The scammers employed online articles and ads to promote their funds while they featured local celebrities endorsing their fund, thereby enticing residents to invest large sums of money.
Prospective victims who end up clicking on these links would be redirected to a website offering both crypto and non-crypto investments. Upon filling their contact information, an affiliate from the investment scheme would get in touch with them and would convince them to invest in the fraud.
Singapore’s central bank, the Monetary Authority of Singapore (MAS) does not oversee these funds and cannot enforce regulation on the same because the latter operates outside the city-state. MAS currently does not have any stringent regulation on cryptocurrency and no protection for investors in crypto-investment funds.
The schemes that are conducted externally on Singaporeans are even more difficult to regulate or protect against. Verification of the fund and authenticity of transactions also cannot be confirmed prior to investing.
New Zealand has also seen a wave of fake news related to Bitcoins. Daniel Faitaua, the local Kiwi television host was mentioned in online ads which claimed that he doubled his money by investing in Bitcoin through a fraudulent cryptocurrency investment business. Faitaua had to later make a statement on-air putting to rest these claims and his connection with the investment fund.

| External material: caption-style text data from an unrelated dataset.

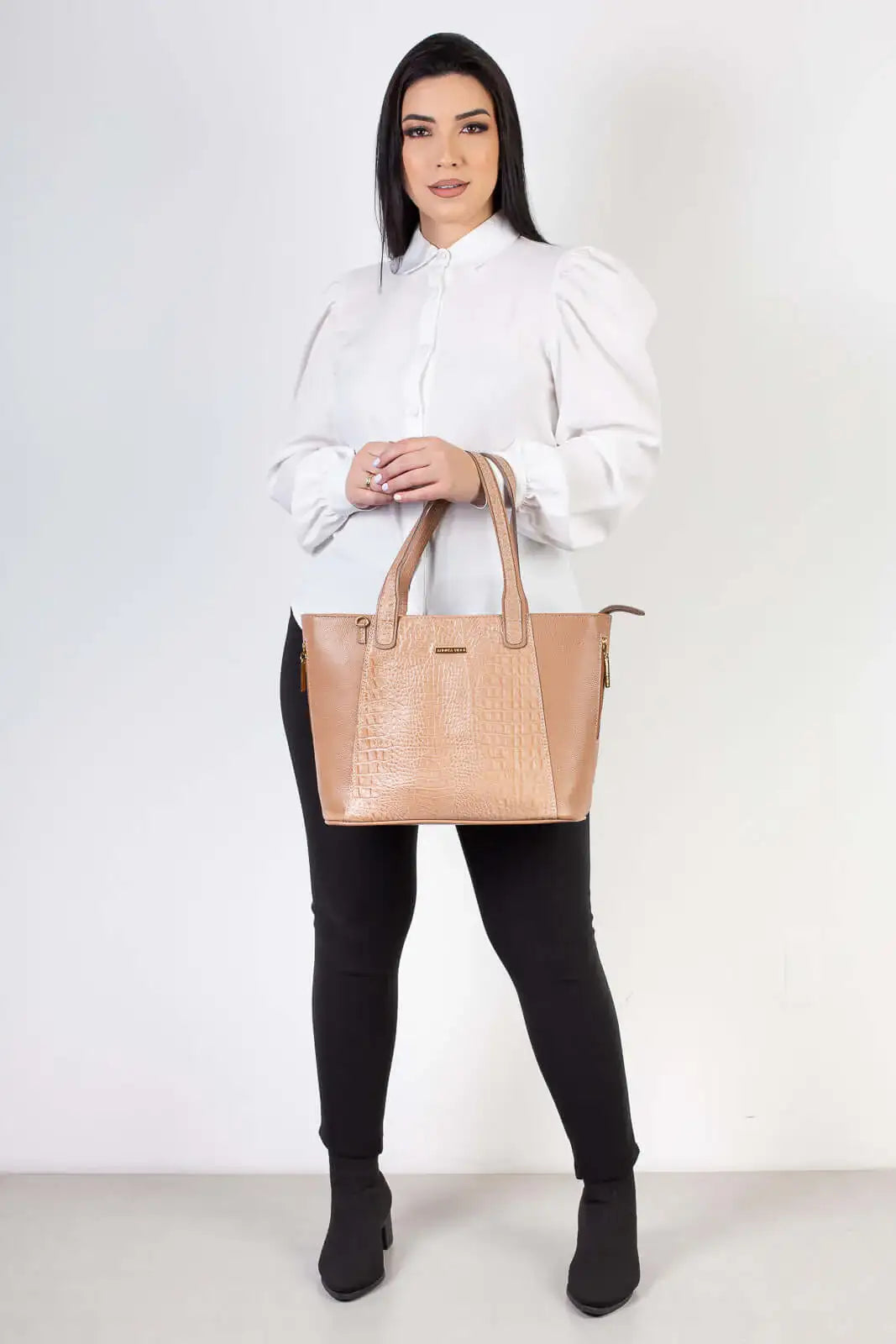 Bolsa feminina de couro croco Audrey - Enluaze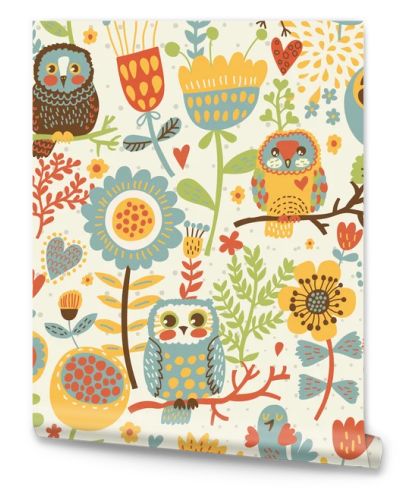 Floral seamless pattern with owl and bird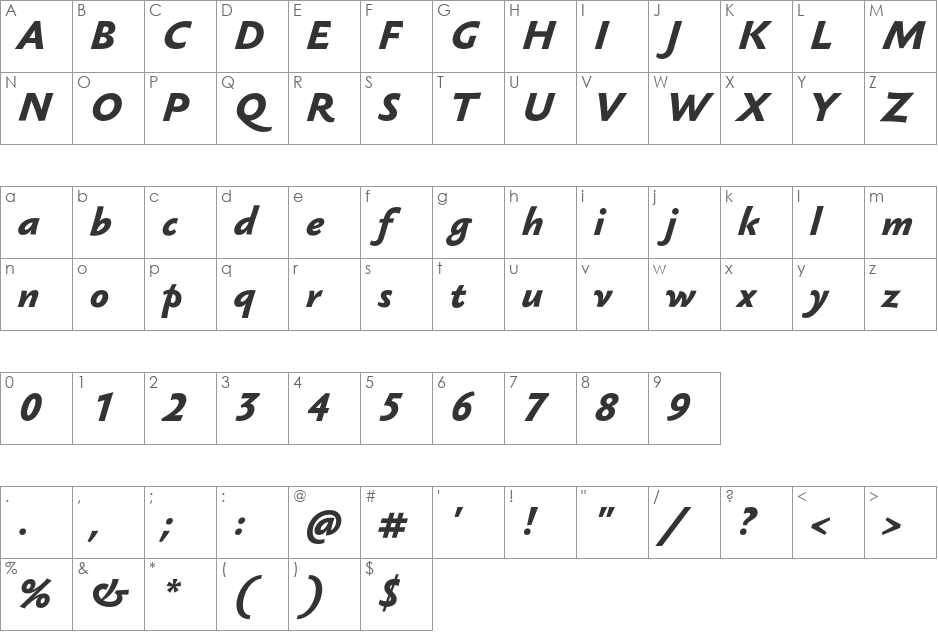 Sebastian Medium Pro font character map preview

In September, the MAS warned Singaporeans about a Bitcoin scam website that issued false statements and was purportedly affiliated with the MAS chairman, Tharman Shanmugaratnam. The fraudulent website further stated that users create a Bitcoin account linking their credit card or personal bank account.
After China began cracking down on its cryptocurrency industry, proponents began migrating to Singapore. In November of last year, post the China exodus and prior to the December bull-run, the MAS issued a guide to token offerings and began looking at regulating cryptocurrencies.